No Sympathy For The Devil
Here's the teaser for Bill McClellan's latest column in the
St. Louis Post-Distpatch:
After 30 years, he's faced with life on the outside. So I started to read it.
Here's the heart-rending:
"I'm about ready to give up," he told me Tuesday afternoon, and I thought for a moment that he was going to cry. I asked if he were happy to be out of prison, and he shook his head.
His story was front-page stuff 30 years ago. He was 36 years old, and by all accounts, a simple man. He had a seventh-grade education. He had never been in trouble.
Man, that does sound like a rough bit. He's been in prison for a long time, and a lot of the world undoubtedly must seem strange to someone who flashed forward three particularly changing decades. I sympathized with him. Hey, armed robbery, drug dealing, maybe a repeat offense for burglary, and suddenly you're in a time warp.
Except this guy:
In November 1973, his wife left him and took their young son. Epps went to the police and filed a missing person report. He said he thought his wife's family knew where she was. A patrolman drove him to his in-laws' house, but they said they had not seen her. The patrolman took Epps back to the station, but he returned to the house and shot and killed his wife's mother and her grandparents.

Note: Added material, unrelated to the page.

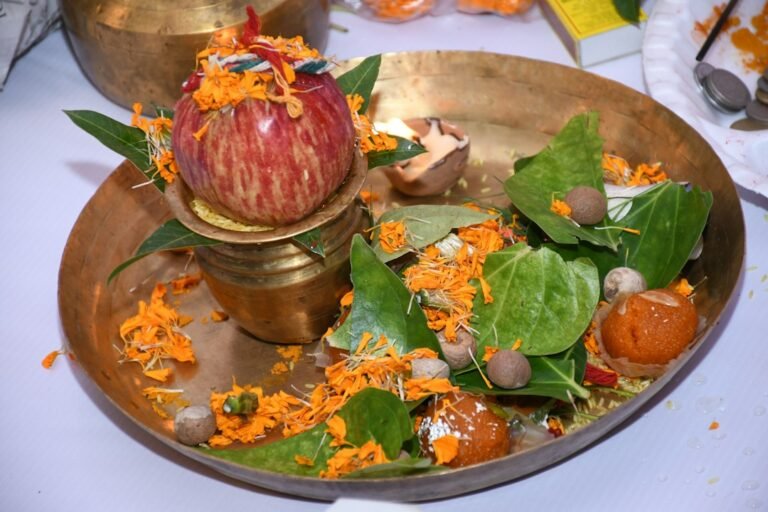 Brass plate with betel leaves, flowers, fruit and a lamp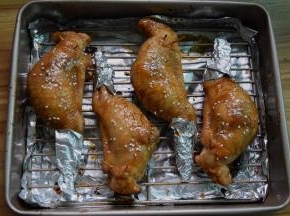 将鸡翅拿出，再把剩余的酱汁刷在鸡翅上，喜欢芝麻也可以撒点，用锡纸将翅尖包住以防烤焦，再放入烤箱烤10分钟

End of sympathy, and shame on you, McClellan, for presenting him as a tragic figure. Yes, I see he's only had a seventh grade education and thus missed the Don't Kill Your Inlaws unit in eighth grade social studies, but I am not sparing any of my compassion on him.
Couldn't you have written about another little man who needed defending from the iniquities of the real world, McClellan?